L’espace public, l’apanage des puissances économiques ?

Transition d’une mainmise politique vers une mainmise économique

Le XXe siècle est marqué par plusieurs révolutions qui secouent le journalisme et questionnent son rôle en profondeur. Après la radio, la démocratisation de la télévision rebat entièrement les cartes du jeu, d’autant plus que la France en fait un monopole d’État pendant plusieurs années.[2] « Informer, éduquer, distraire » voici les raisons d’être affichées de ce nouveau média qu’Alain Peyrefitte, ministre de l’Information de l’époque, résume par la célèbre phrase qu’il prononce lors de l’inauguration du nouveau JT : « La télévision c’est le gouvernement dans la salle à manger de chaque Français. »

Les années 80 marquent en Europe ce que nous appelons en science politique le tournant néo-libéral. L’économie de marché s’emballe et l’information à la télévision, dégagée du poids politique, subit désormais de nouvelles contraintes, cette fois économiques et commerciales ; le diktat de l’audimat érige une place de choix au divertissement, au détriment de l’information.

Cela ne se passe pas de manière linéaire, mais on observe une tendance forte : la connivence politico-médiatique est peu à peu remplacée par une connivence économico-médiatique. On assiste ainsi à un transfert de mainmise sur l’espace public.

Concentration des médias…

Mais en quoi cette mainmise économique consiste-t-elle ? Au-delà de la connivence entretenue entre certains acteurs[3] ou encore des pratiques courantes dans le métier[4] pouvant créer des situations d’influence avec des répercussions sur l’information, c’est surtout la forte concentration des médias à laquelle on assiste en France depuis une dizaine d’années qui nous apparaît comme particulièrement dangereuse.
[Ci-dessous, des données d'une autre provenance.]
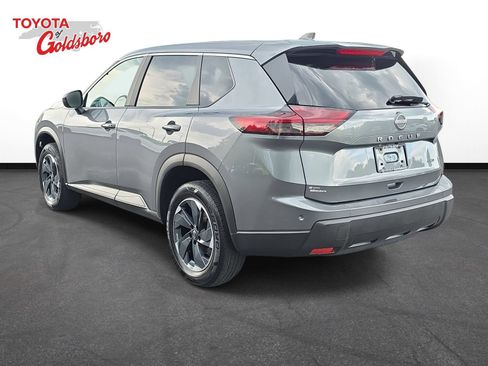 Used 2025 Nissan Rogue SV AWD/4WD image 7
En effet, les grands industriels et, de manière globale, les plus grosses fortunes ont souvent eu tendance à acquérir des groupes de presse. Jeux d’influence, positionnement, cadrage, droit à la parole, mainmise, pouvoir. La tendance est particulièrement virulente dans les pays de l’Est à la chute du mur, où les espaces du possible s’ouvrent soudainement. Sur le terrain de la transition et du « non-droit », les médias « libres » (le contre-pouvoir) voient le jour sous la houlette de la nomenklatura, la nouvelle élite économico-politique, puis des grands trusts mondiaux. Une étude de cas sur la naissance de l’espace public démocratique et des médias libres en Roumanie ou en Ukraine, pour ne prendre que deux exemples, mériteraient dans ce sens une attention toute particulière.
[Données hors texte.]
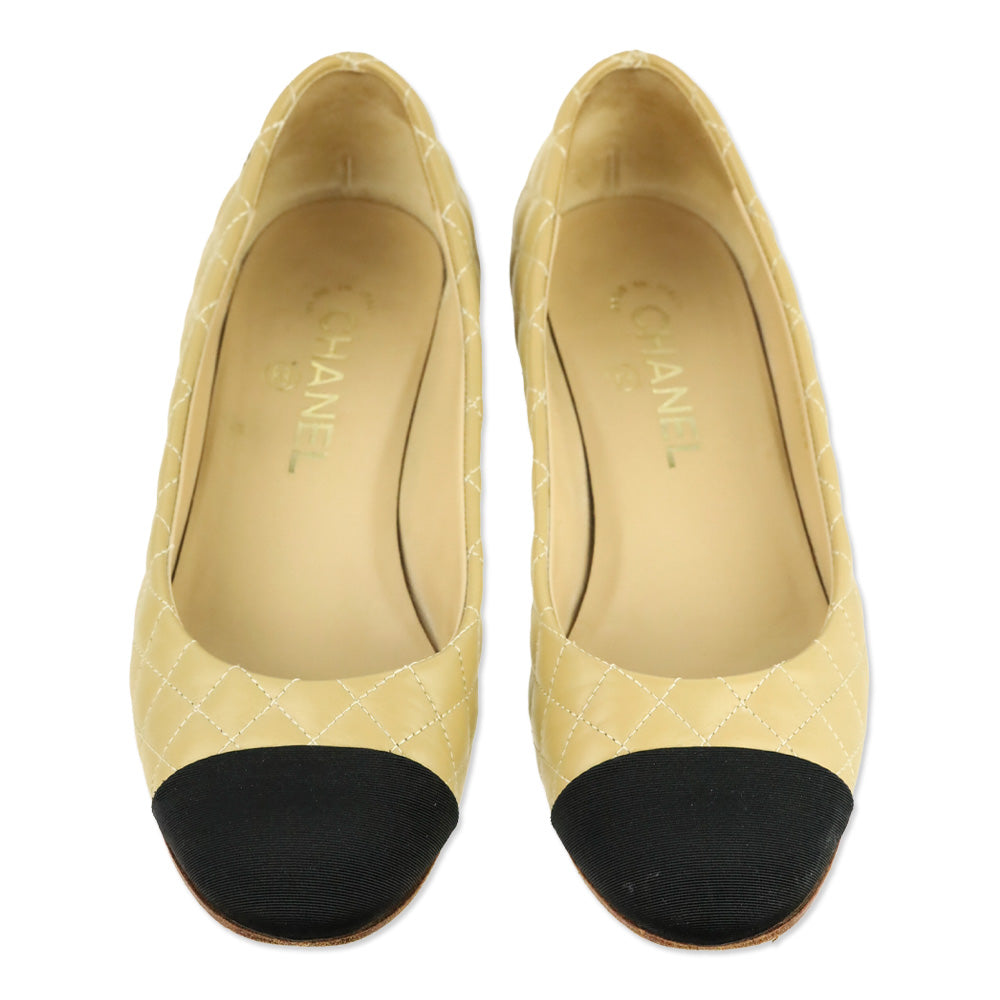 Chanel Beige Lambskin Quilted Black Cap Toe Gold Heel Pump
La tendance se confirme également en France, et encore plus fortement ces dix dernières années : aujourd’hui 90 % des médias sont détenus par neuf personnes ou familles qui font partie des 100 plus grosses fortunes du pays. A le lire, on pourrait croire que financièrement les médias se portent plus que bien… Or, en s’y penchant de plus près, on s’aperçoit qu’aucune de ces grandes fortunes n’a comme origine le pendant lucratif de l’industrie médiatique. Depuis les années 2000, avec l’avènement du 2.0, le cocotier des médias a été durablement secoué et, aujourd’hui encore, les rédactions peinent à trouver des modèles économiques leur garantissant à la fois sécurité financière et indépendance. En effet, l’ensemble des magnats des médias en France sont en réalité des industriels dont le cœur de métier n’a rien à voir avec la presse ou l’audiovisuel. Pour ne rappeler que quelques cas flagrants :

IndustriesMédiasFamilles
BTP, télécomsTF1, LCI…Bouygues
Transport, logistique, énergieCanal +, C8, CNews etc..Bolloré
Luxe (LVMH)Les Echos, Le ParisienArnault
Industrie aéronautiqueLe FigaroDassault
TélécomsLibération, BFM Tv…Drahi

Pour un panorama exhaustif rendant compte de la concentration de l’industrie médiatique, Le Monde Diplomatique en collaboration avec Acrimed ont réalisé une infographie qu’ils prennent le soin de mettre à jour au rythme des rachats intempestifs :

©Acrimed, Monde diplomatique, seizième version d’une infographie évolutive dont la première version a été publiée le 6 juillet 2016.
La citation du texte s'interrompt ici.